Source data:
[Start of Attachment]
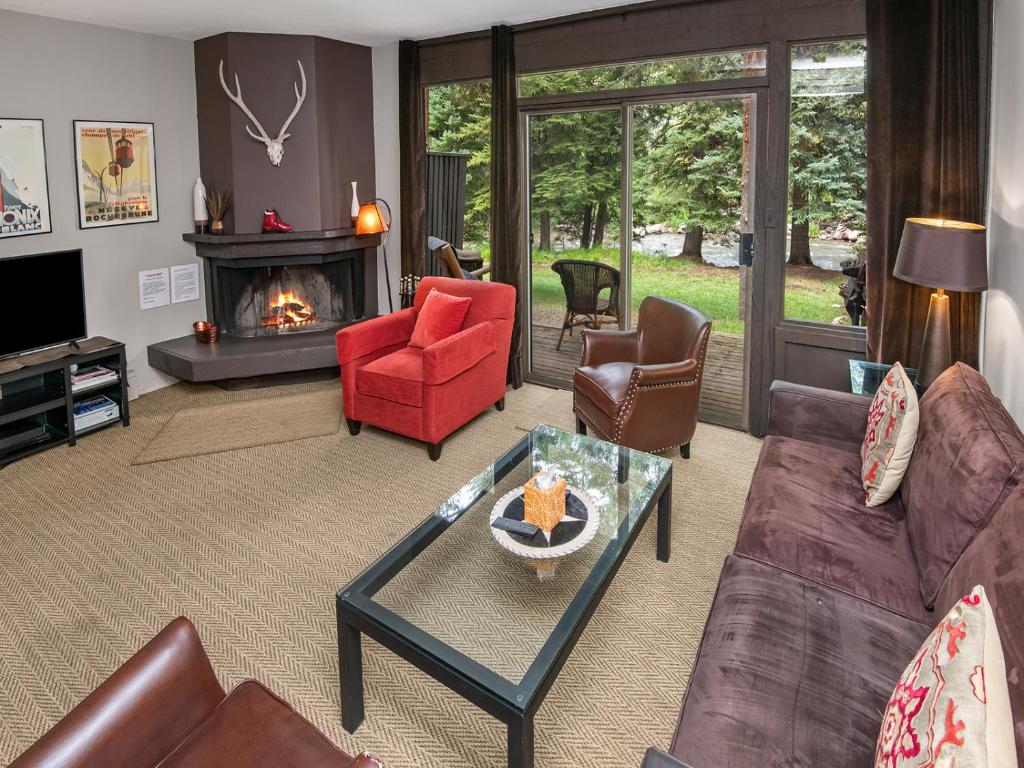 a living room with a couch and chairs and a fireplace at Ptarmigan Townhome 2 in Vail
[End of Attachment]
[Start of Attachment]
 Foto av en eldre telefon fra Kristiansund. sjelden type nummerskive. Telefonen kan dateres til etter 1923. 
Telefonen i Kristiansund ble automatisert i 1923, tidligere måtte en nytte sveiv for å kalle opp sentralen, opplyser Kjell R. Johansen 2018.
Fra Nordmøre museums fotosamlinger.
[End of Attachment]
Among the records above, find each line holding the string "Kristiansund" and pull it out.

Task answer:
 Foto av en eldre telefon fra Kristiansund. sjelden type nummerskive. Telefonen kan dateres til etter 1923. 
Telefonen i Kristiansund ble automatisert i 1923, tidligere måtte en nytte sveiv for å kalle opp sentralen, opplyser Kjell R. Johansen 2018.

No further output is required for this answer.